Intervention de Gabriel Serville

Séance en hémicycle du 5 février 2014 à 21h30
Formation professionnelle — Discussion générale

Photo issue du site de l'Assemblée nationale ou de WikipediaGabriel Serville :

Madame la présidente, monsieur le ministre, mes chers collègues, le projet de loi que nous examinons aujourd’hui s’attelle à la lourde tâche d’opérer une profonde et nécessaire mutation de notre modèle de formation professionnelle en retranscrivant les objectifs des différents accords nationaux interprofessionnels intervenus depuis deux décennies.

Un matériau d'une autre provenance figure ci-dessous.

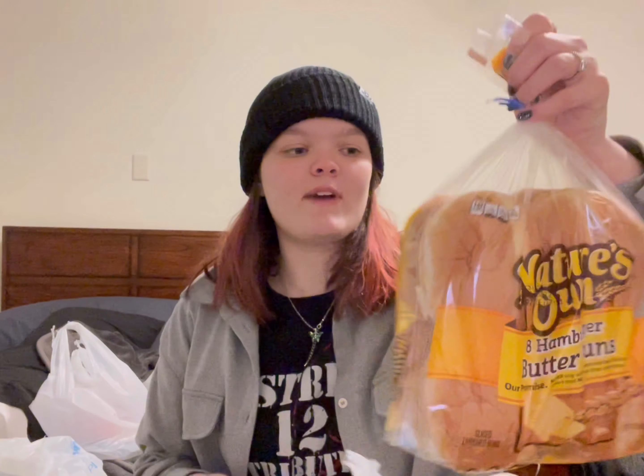Then I got Arnold sub buns — subs, not buns — for the Philly cheesesteaks I'm making this week, really excited about that. And last but not least, Nature's Valley hamburger buns. We normally get Nature's Valley bread, so I figured might as well get the buns too. We're going to make chicken sandwiches one night, and also garlic toast out of these, which is so good. There's a lot of bread here this week.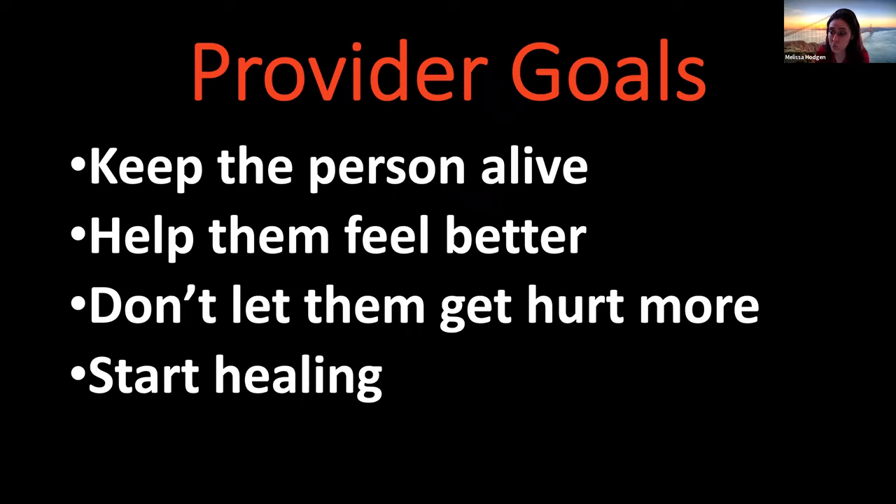As the provider — which is you — what are your goals? Our goals are: first, to keep that person alive. Second, you want to help them feel better, give them comfort. Third, you don't want them to get hurt anymore. And fourth, you want to start them healing. So: keep them alive, give comfort, prevent further harm, and start them healing.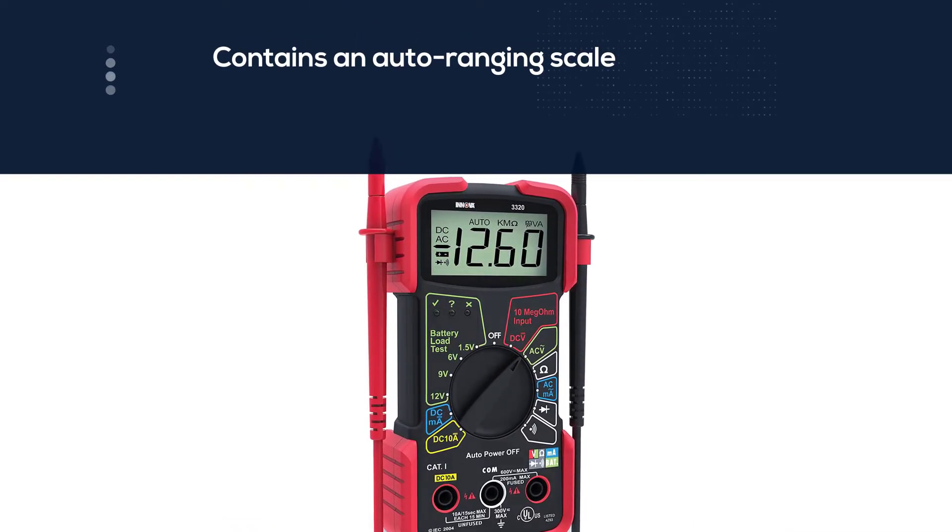The popular brand Fluke has launched the Fluke 115 DMM, and the device comes with a handy case. It's the best multimeter in the Fluke brand lineup. The case keeps the DMM safe, and you can even operate the device without removing it from the case.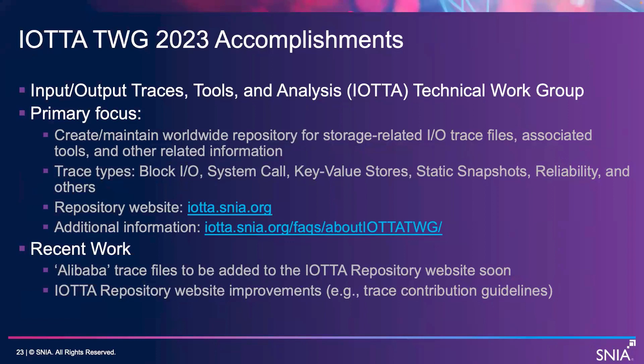The primary focus of the TWIG is to maintain a worldwide repository for storage-related I-O trace files, tools for that, and related information. We have, over the years, gathered a number of types of traces, including blocks, system call, snapshots, and recently we've started adding reliability traces.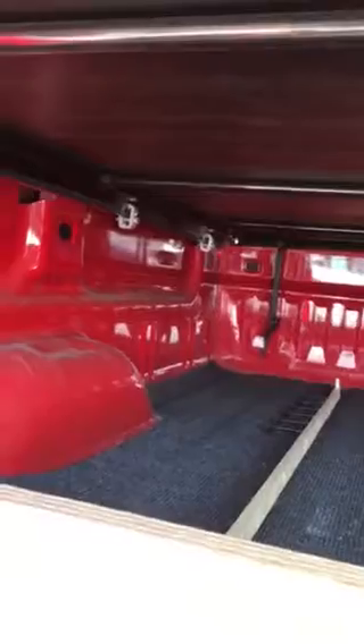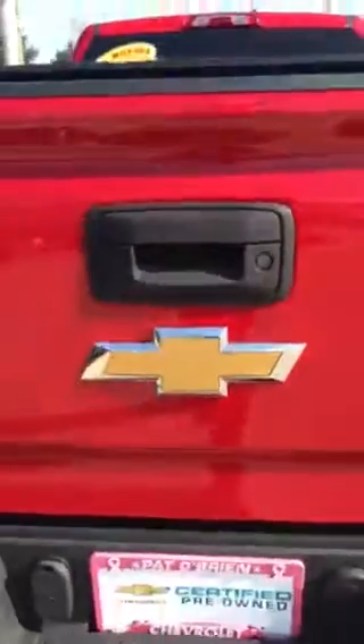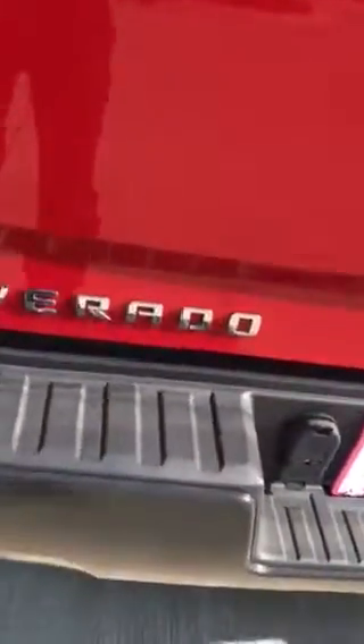Tailgate assist. This has the bed rug already installed in it, as well as dividers. Corner step bumper. Easy to fold up tonneau cover. Locking tailgate. 7 pin and 4 pin trailing connectors on the bottom.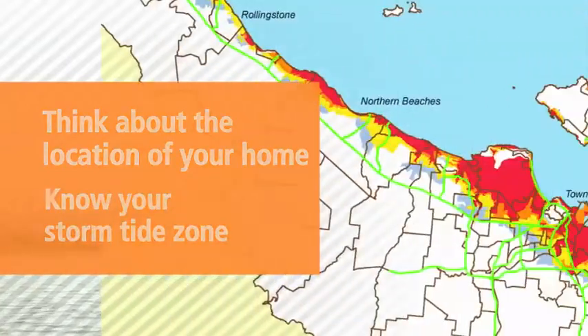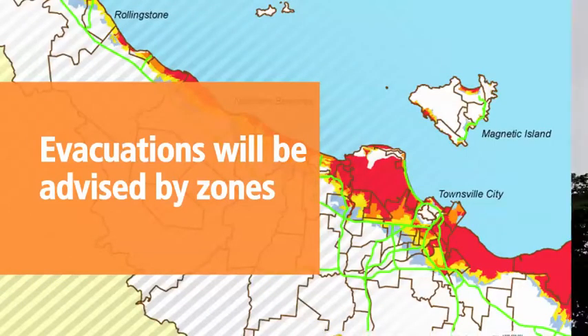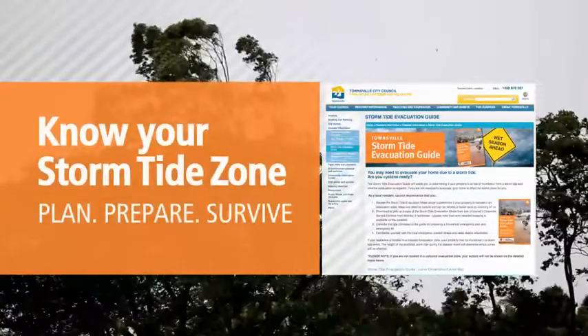During a cyclone, authorities will advise evacuations by coloured zones, not streets or suburbs. Visit Council's website for detailed storm tide map information.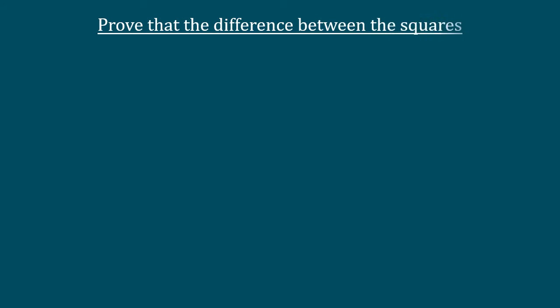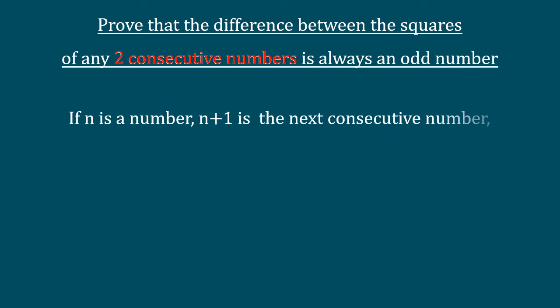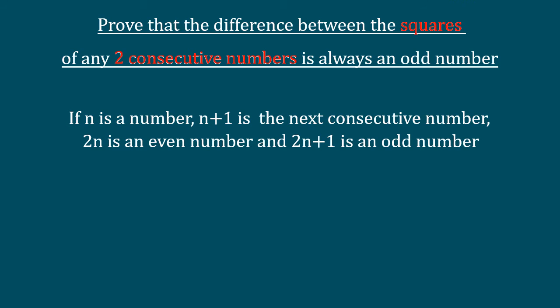Prove that the difference between the squares of any two consecutive numbers is always an odd number. If n is a number, n plus 1 is the next consecutive number. 2n is an even number and 2n plus 1 is an odd number.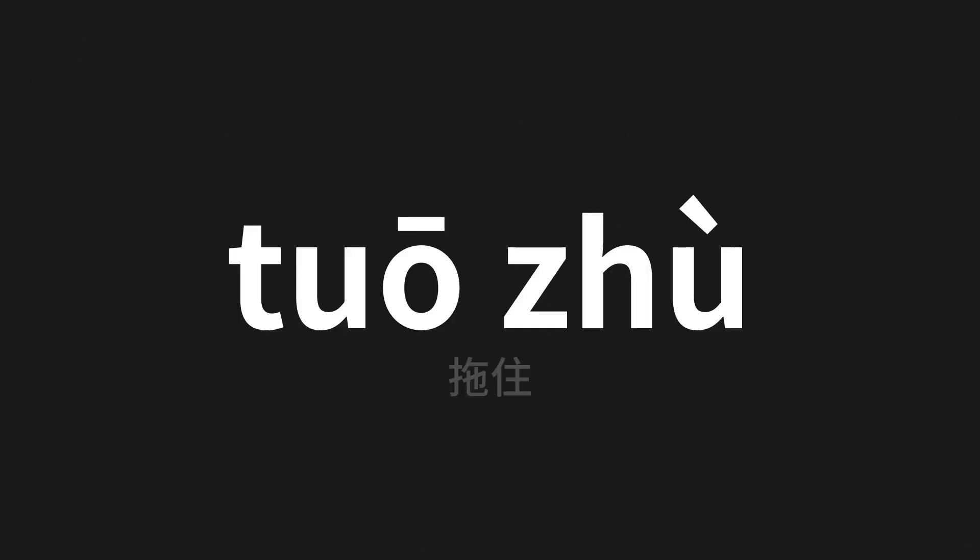Welcome to this pronunciation video. Today we will be focusing on a new word that you might find challenging or intriguing, so let's dive into today's word, which means 'pulled' in Chinese. Let's say it all together. One more time.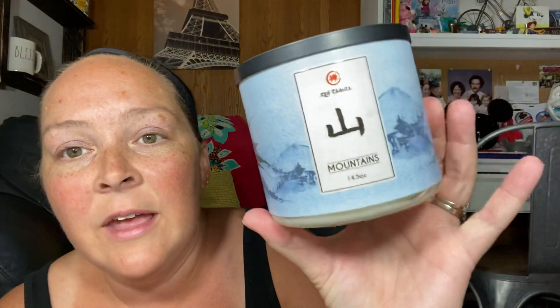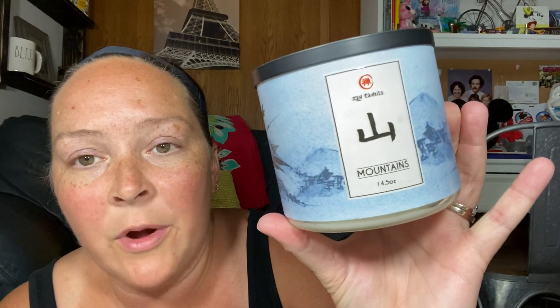They all look pretty safe and they're all different scents. Without further ado, let's talk about my Kringle Candle haul. The first one is called Mountains and it is 14.5 ounces — just like a Bath and Body Works.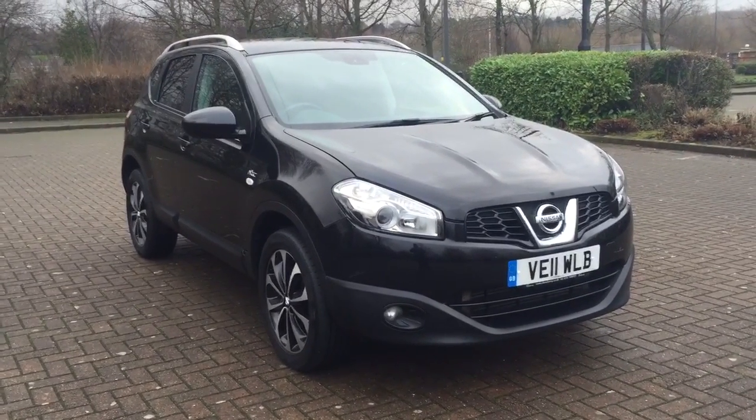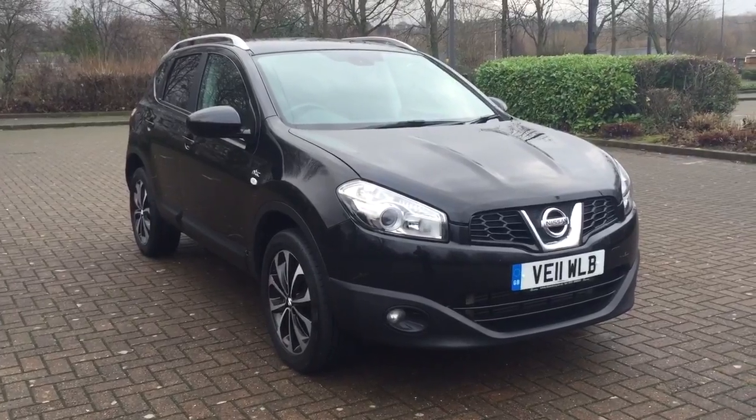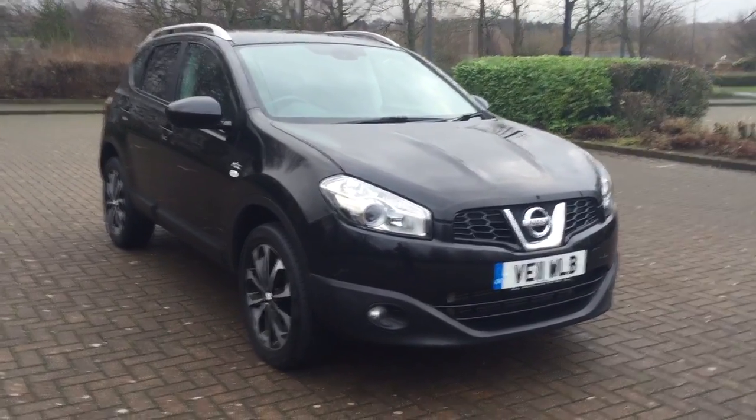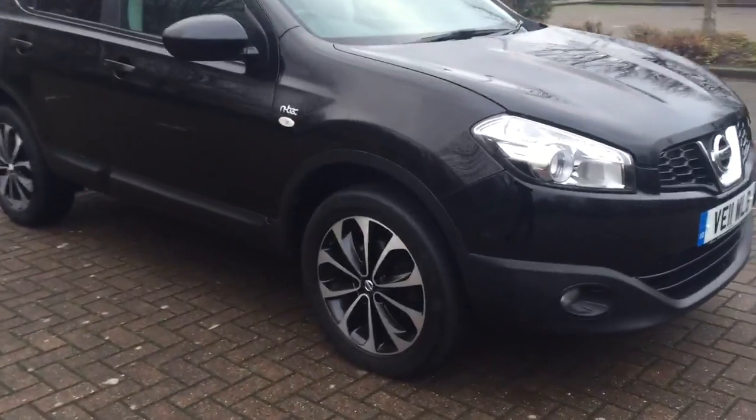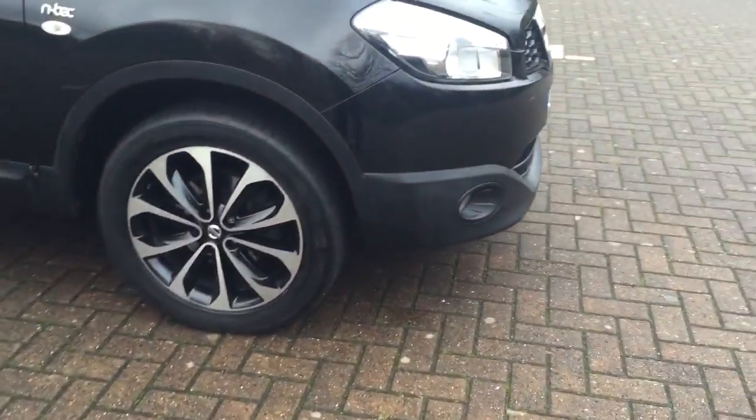Here we have a 2011 Nissan Qashqai 2.0-litre DCI N-TEC 4x2, finished in metallic black. This car features 17-inch diamond cut alloy wheels, battery-fitted rear privacy glass, and satin chrome roof rails.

Il s’inscrit ainsi dans la continuité de la loi de sécurisation de l’emploi en pérennisant l’obligation de former.

Pour cela, il opère un véritable changement de vision de la formation professionnelle de la part du salarié comme de l’employeur, celle-ci devenant résolument non pas une charge, mais un investissement pour l’amélioration de la qualification des salariés et donc un atout pour la compétitivité de notre économie.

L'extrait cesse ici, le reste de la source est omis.